LEILA FADEL, BYLINE: The talks were delayed and then delayed again because Kerry was busy negotiating the Iran nuclear deal. That's a sign of just how much the U.S. relationship with Egypt has changed.
MICHAEL WAHID HANNA: Egypt is a lesser priority in a very tumultuous region.
FADEL: That's Michael Wahid Hanna of The Century Foundation. He says the U.S. has other regional priorities right now from the Iran deal to the rise of the self-declared Islamic State. And he says the U.S. realizes it has less influence on Egypt than it used to.
HANNA: All of these things have converged to produce a much less ambitious policy that's primarily focused on re-establishing a functional relationship.

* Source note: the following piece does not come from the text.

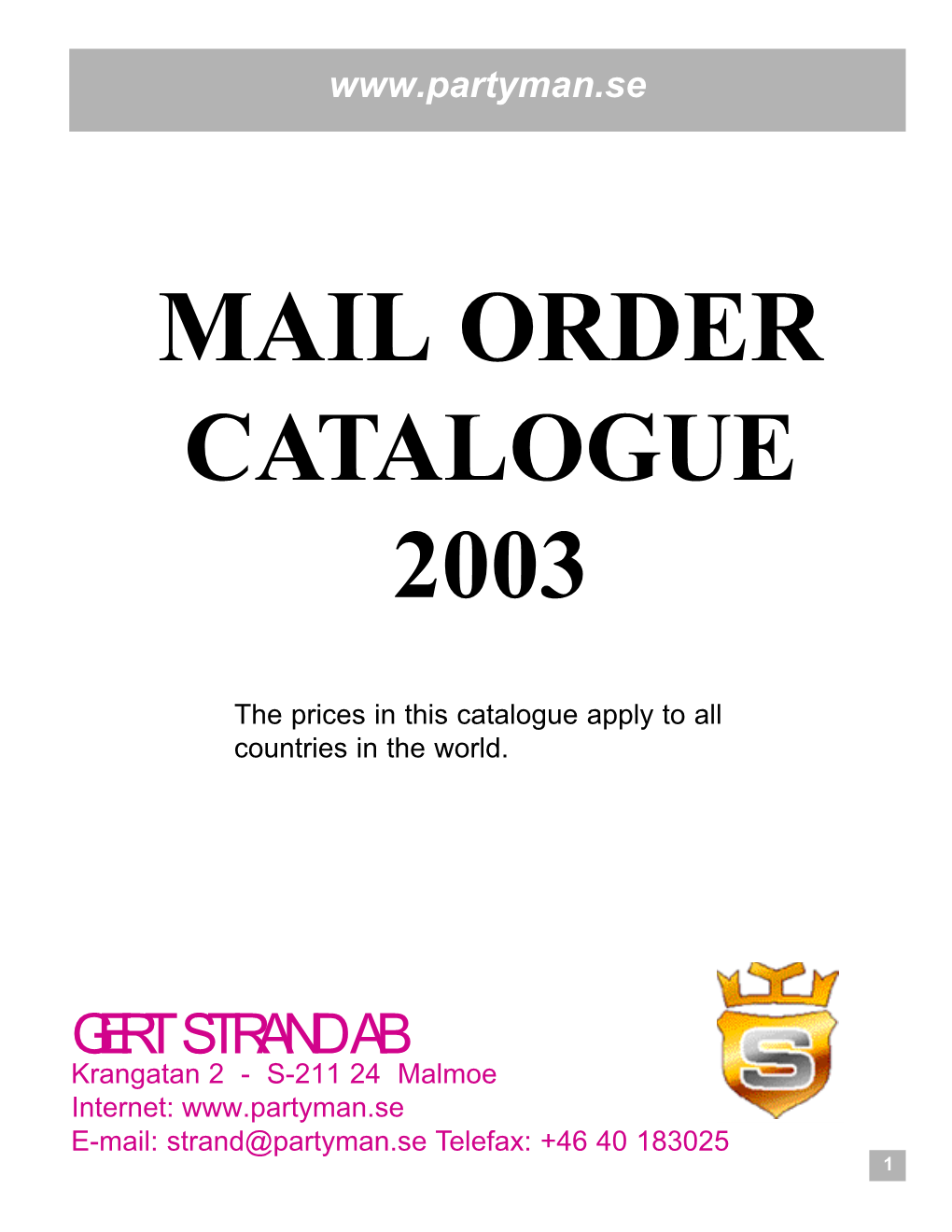 Mail Order Catalogue 2003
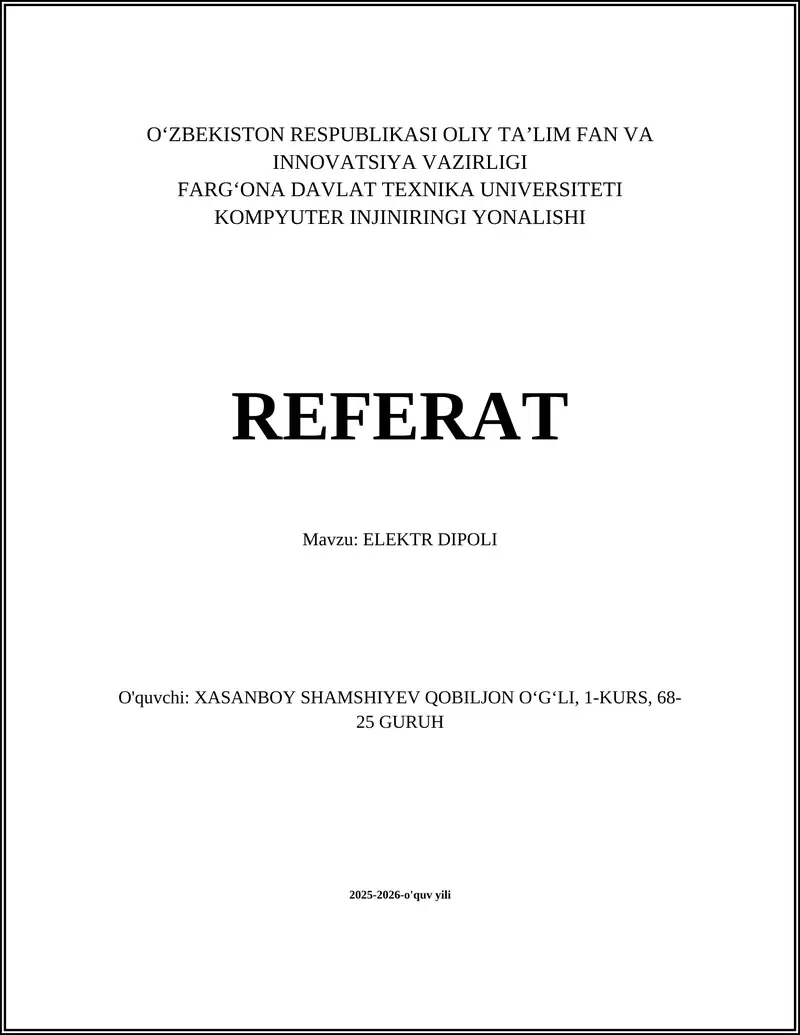 Elektr Dipoli 1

FADEL: And that will be the focus of the talks on Sunday and Monday, to re-establish a functioning relationship. That means the U.S. wants a stable Arab ally in a region that's descending into chaos. In a report to Congress in May, the State Department said that a relationship with Egypt served national security interests, and military aid should be resumed despite what it called a negative trajectory on human rights. This week, several U.S. senators wrote a letter to Kerry, urging him to, quote, "make political reform, human rights and fundamental freedoms a central element of the agenda." They're worried that Egypt is not on a path to long-term stability, and Egyptian leaders will see the resumption of military aid as an endorsement of their policies. Egypt says the U.S. should back them because it's fighting terror and claims its crackdown on political opponents like the Muslim Brotherhood is part of that agenda. The Century Foundation's Michael Wahid Hanna says the U.S. would like to be able to point to at least a little progress on human rights.
HANNA: The Obama administration, at this point, wants to be able to justify the re-establishing of a more cooperative relationship with Egypt. And to do that, they really need to see some progress on issues like political prisoners, like political repression, like the treatment of civil society organizations.
FADEL: To do that, Hanna says, there needs to be some easing of political repression, something, he says, that shows this isn't a full-blown authoritarian relapse. In the lead up to Kerry's visit, the U.S. delivered eight F-16 jets. Leila Fadel, NPR News, Cairo.